Die Künstler verhandeln diese Transformationen mithilfe von Spiegelungstechniken, inspiriert von der islamischen Kultur, Architektur und Geometrie. Sie definieren den Körper in einem subvertierten Kontext neu, der den gewohnten mediengestützten Darstellungen und Analogien entgegensteht. Dieser transformative Blick entfaltet sich in einer unbestimmten Zone, in der der Rhythmus und Puls der Bilder neue Empfindungen wecken. Körper und Nerven werden in einen veränderten Zustand der Empathie versetzt, der die Flüchtlingskrise auf ungewohnte Weise erfahrbar macht.
From Sea to Dawn ist somit ein „bewegtes Gemälde“ – eine Montage, in der jedes einzelne Bild als eigenständiges Gemälde fungiert, ohne die Bewegungen des Ausgangsmaterials direkt nachzuzeichnen.
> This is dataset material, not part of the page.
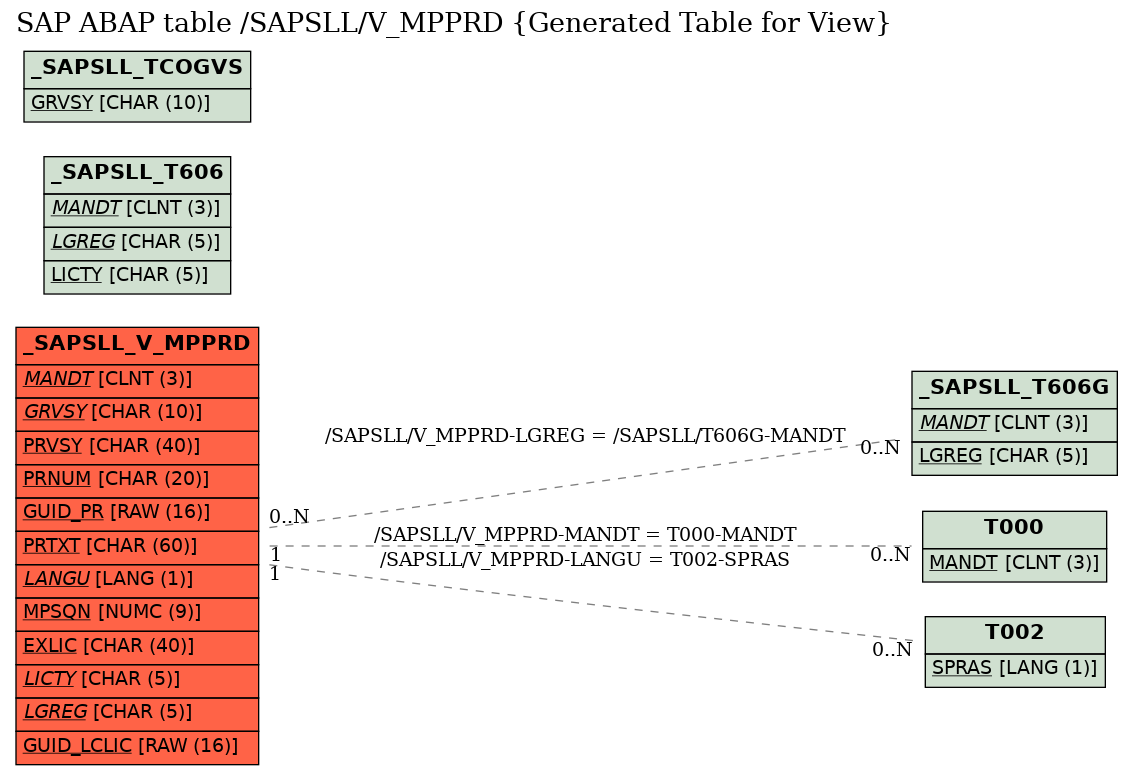 E-R Diagram for table /SAPSLL/V_MPPRD (Generated Table for View)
Durch Unterbrechung und Verzerrung zielt das Werk darauf ab, das Vertraute zu transformieren und zu entfremden, um ein Hindernis zu schaffen, das die Betrachtenden dazu anregt, das Thema aus einer neuen Perspektive zu betrachten und um andere Emotionen zu wecken.
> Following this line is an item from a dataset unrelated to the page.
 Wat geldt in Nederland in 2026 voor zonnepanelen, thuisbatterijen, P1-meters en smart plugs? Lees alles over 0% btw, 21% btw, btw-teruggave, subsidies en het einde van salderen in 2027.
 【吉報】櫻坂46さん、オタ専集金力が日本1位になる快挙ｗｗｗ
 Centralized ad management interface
In der künstlerischen Praxis von Ramin Haerizadeh (geb. 1975, Teheran, IR), Rokni Haerizadeh (geb. 1978, Teheran, IR) und Hesam Rahmanian (geb. 1980, Knoxville, USA) ist Produktion untrennbar mit Performance verbunden. Dabei wird Performance als kollektive Handlung verstanden, die Tanz, Kunst und Politik vereint. Das Trio erforscht Modelle der Zusammenarbeit und übersetzt diese in vielfältige Formen, die oft Künstler*innen und Menschen aus unterschiedlichen Lebensbereichen einbeziehen. Ihre Arbeit schafft ein selbsttragendes kreatives System, das hinterfragt, wie man Ästhetik gleichzeitig aufbauen und untergraben kann – stets politisch prägnant, humorvoll, großzügig und exzentrisch. Ihre Praxis wird häufig als Landschaft beschrieben, in der die komplexe Natur ihrer Arbeitsweise in ein ineinandergreifendes System integriert ist. Ihr Zuhause dient als vielseitiges Studio, Filmset, Kino, Museum und Forschungszentrum. Dieser Raum ist zentral für ihr Schaffen, das sowohl auf kollektiven als auch auf individuellen Anstrengungen beruht. Die Künstler verstehen sich nicht als feste Gruppe oder Kollektiv und haben keinen spezifischen Namen oder Label. Ihre Praxis entwickelt sich oft in Zusammenarbeit mit anderen Künstler*innen und Freund*innen.